Start of Exercise data
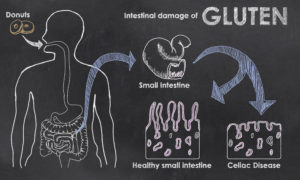 Intestinal Damage of Gluten Celiac versus healthy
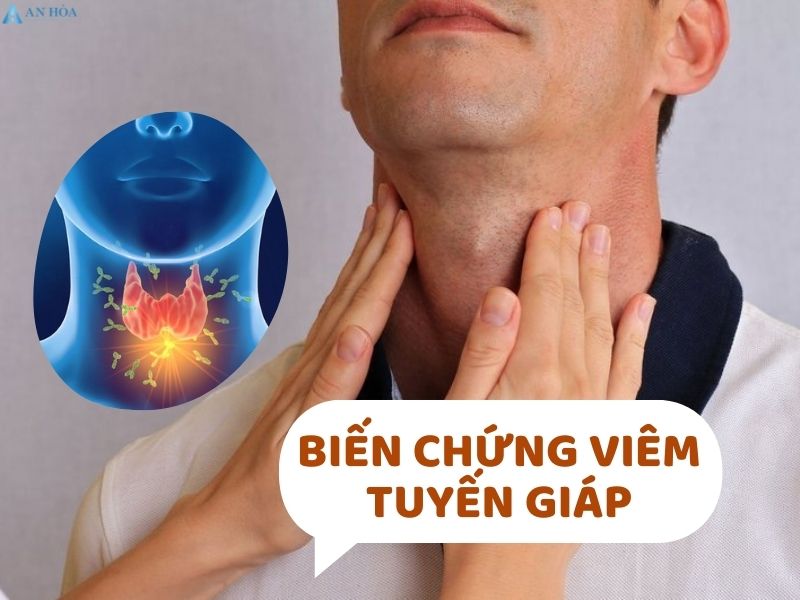 Viêm tuyến giáp có nguy hiểm không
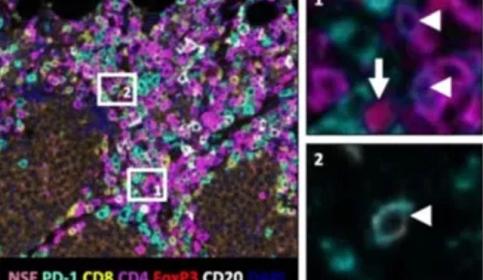 multiplexing-in-tissue-based-research-chromogenic-640x410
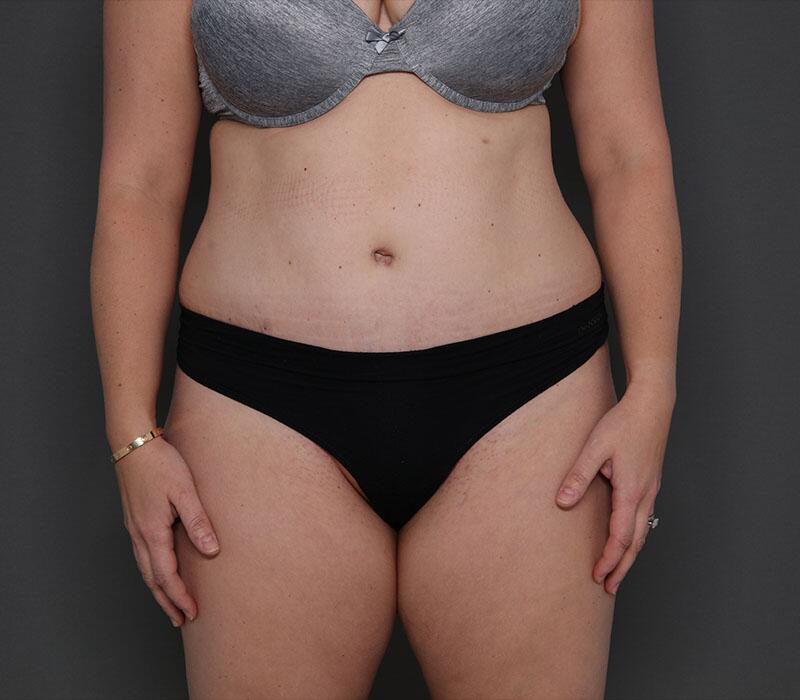 Tummy Tuck Before & After Image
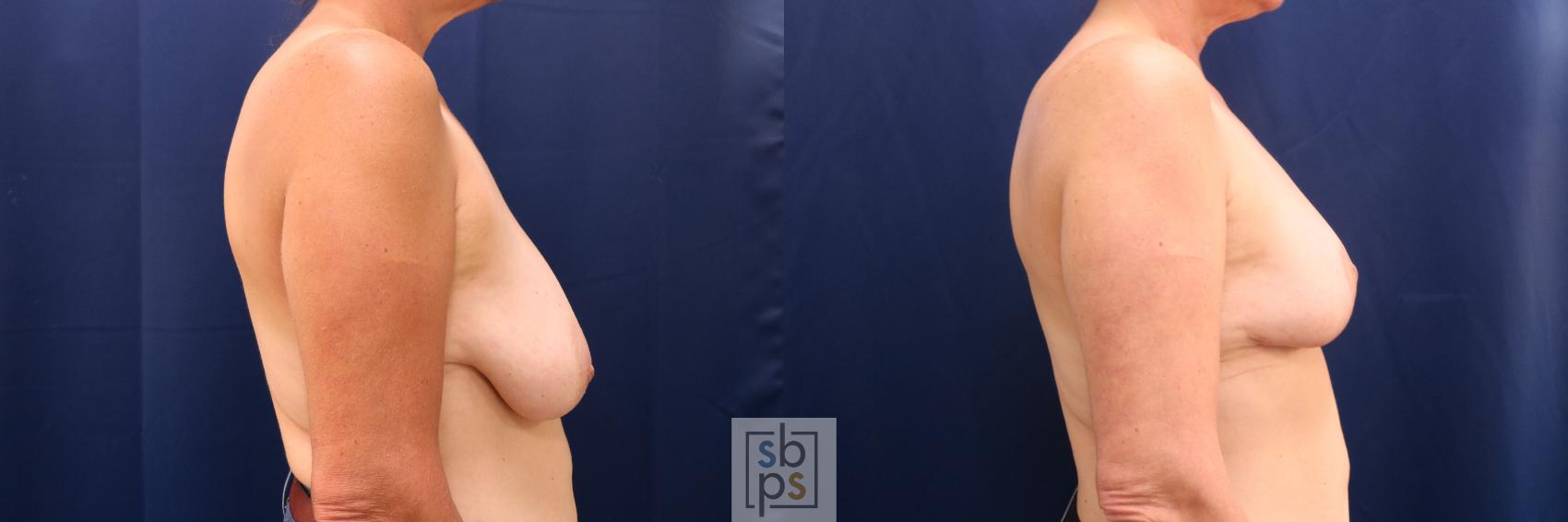 Before & After Breast Lift Case 722 Right Side View in Torrance & Los Angeles, CA, CA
End of Exercise data
● Exercise: Without the pictures, transcribe the listing above exactly.

● Task solution:
 Intestinal Damage of Gluten Celiac versus healthy
 Viêm tuyến giáp có nguy hiểm không
 multiplexing-in-tissue-based-research-chromogenic-640x410
 Tummy Tuck Before & After Image
 Before & After Breast Lift Case 722 Right Side View in Torrance & Los Angeles, CA, CA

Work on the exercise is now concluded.